Planting Perennial Edibles in the Frontyard

Transforming Our Yard With Edible Perennials

In late July, we stumbled upon a seasonal clearance sale for edible perennial plants (meaning plants that come back every year).

We walked into the hardware store needing a part for a miscellaneous house project, and we walked out purchasing 2 apple trees, 1 sour cherry tree, 4 blueberry bushes, 8 strawberry plants & 5 haskap berry bushes.

Honestly, we weren’t sure exactly where they would all go. But it was a great deal, all of the fruit trees were Alaska winter hardy varieties, & we were confident we could find space in our Anchorage front yard.

We called it a late birthday present to both of us & were excited for the adventure/challenge.

Once we got the new edible trees & bushes home, we surveyed our space and took measurements to craft a plan.

Here’s a ‘before’ photo of the front yard. We already had 4 fruit trees planted from 3 years ago.

Brian came up with a plan for a raised garden bed in the center of the trees.

After buying lumber, he brought out his tools & started building a beautiful custom bed for the blueberries & strawberries.

Once the frame of the raised berry bed was built out, we lined it with cardboard to help prevent weeds from growing up through the bottom.

After a layer of cardboard, we layered in organic potting soil & compost from our backyard hot compost heap.

It’s always fun when a project arises that requires a large amount of compost.
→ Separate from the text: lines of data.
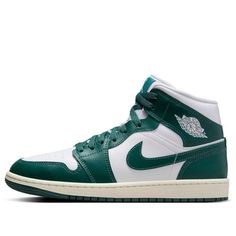 (WMNS) Air Jordan 1 Mid 'Oxidized Green' BQ6472-133 Jordan Mid, Air Jordan 1 Mid, Jordan 1 Mid, Air Jordan, Jordan 1, Jordan, Air Jordans, Green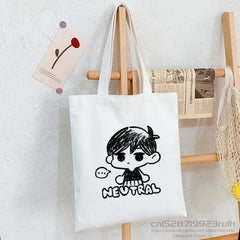 Omori Canvas Shopping Bag Recycle Cotton Handbag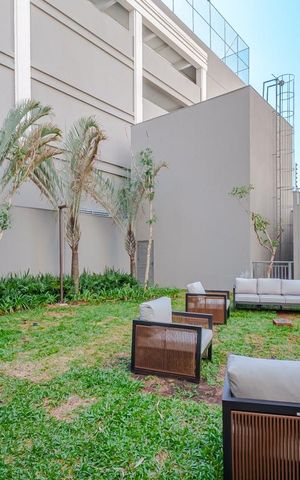 Studio à venda com 26m², 1 quarto e sem vaga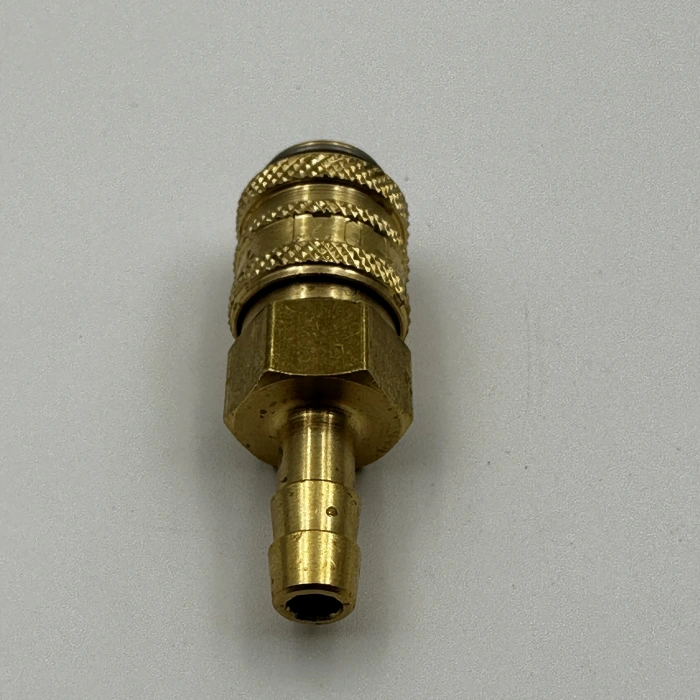 Pnömatik Sarı Stoper Otomatik Rekor Hortum Gövde T21 - 6mm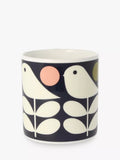 Orla Kiely Early Bird bone china mug 350ml - British product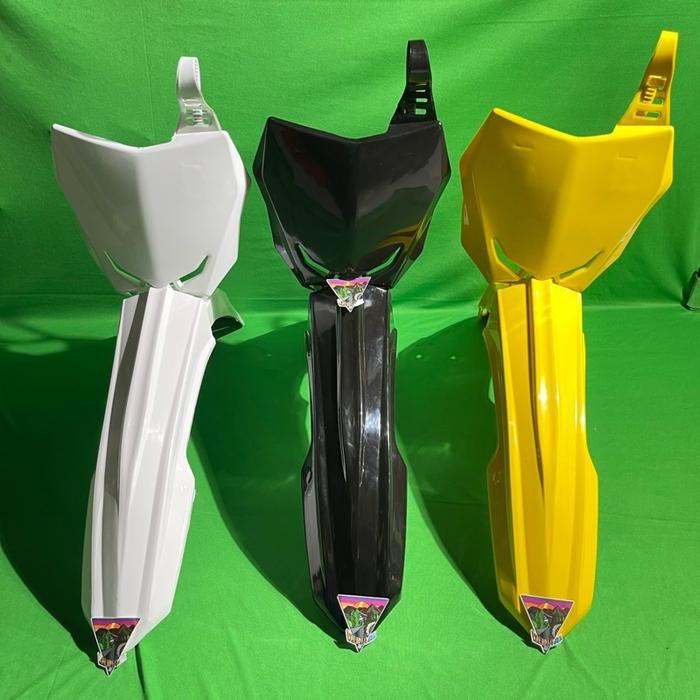 SEPAKBOR DEPAN RMZ 450 DAN PAPAN NOMOR RMZ 450 COVER BODY RMZ 450 RMZ 450 SPAKBOR DEPAN RMZ 450 SLEB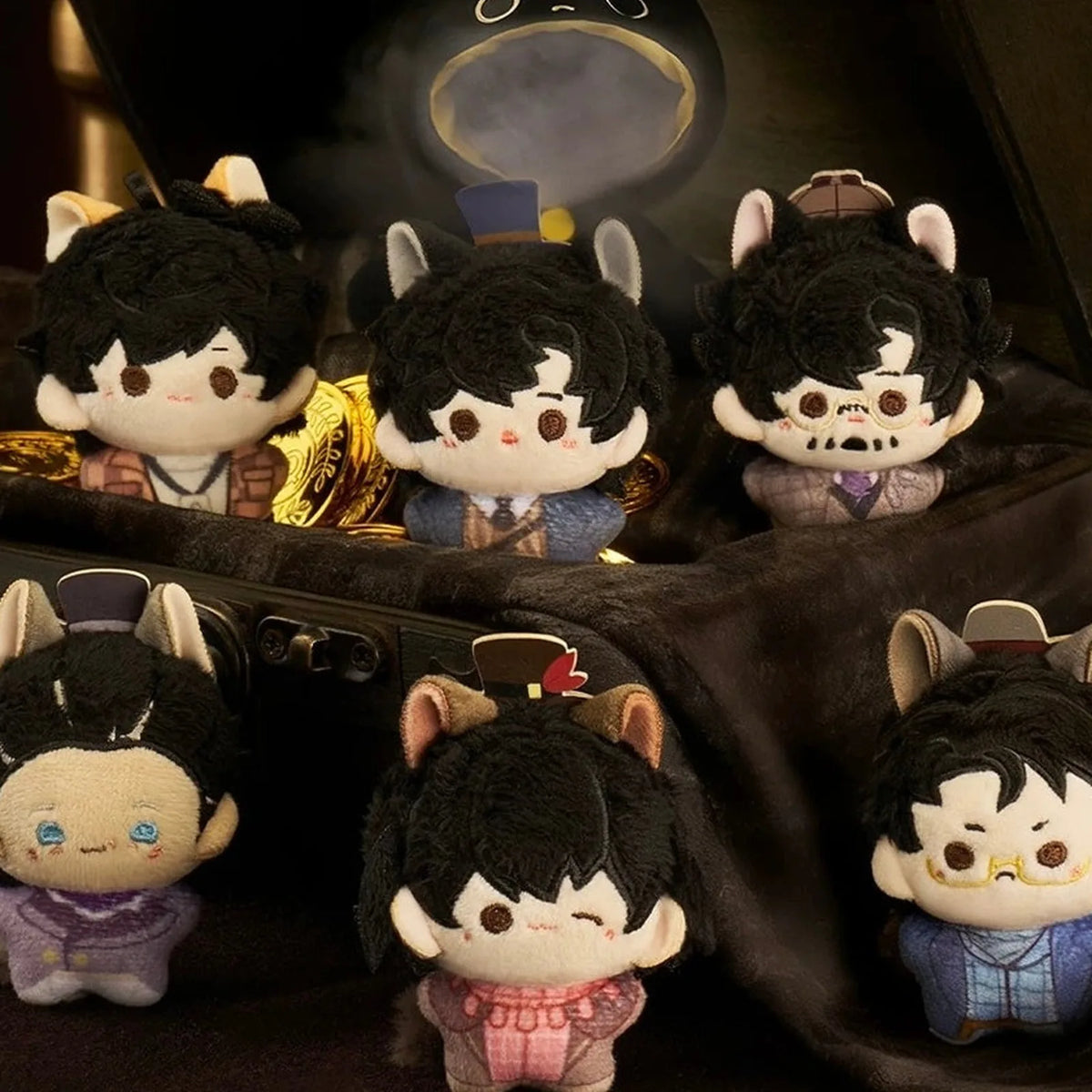 Lord of the Mysteries Meow Lord Series Plush Pendant Blind Box — Meow Lord plush-pendant series group; illustrative assortment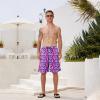 imageMens Swim Trunks Quick Dry Board Shorts with Mesh Lining Breathable Surf Beach Shorts Swimwear Bathing SuitsBlue Purple Bra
Seasoned compost is like brown gold in a garden bed – it’s phenomenal natural fertilizer, plus it’s free.

Between mixing it into the raised garden bed and mixing it into the new tree holes during planting, we used 4-5 wheelbarrows full of compost on our edible perennial landscaping project.

Once the new trees were in the ground (lots of digging deep holes, whew!), we brought out the berry bushes to start figuring out placement and what would fit best where.

The blueberry & strawberry bushes we bought on a whim all fit pretty perfectly in their custom new cedar bed.

After we finished planting the haskap berries on the side of the yard, we were finally done – for this year, anyway. :)

A month later, all of the perennials are still looking great. Nothing immediately died, which is a good start.

We noticed some sunburn on the apple & sour trees (= browning, sad leaves), but we realized afterward that those trees were kept indoors at the hardware store and we didn’t slowly introduce them to their new direct-sun home, so some sunburn & light sensitivity makes sense. The trees weren’t used to direct sunlight, unfortunately.

But they stayed alive & all of the new growth on those edible trees looks healthy – woohoo!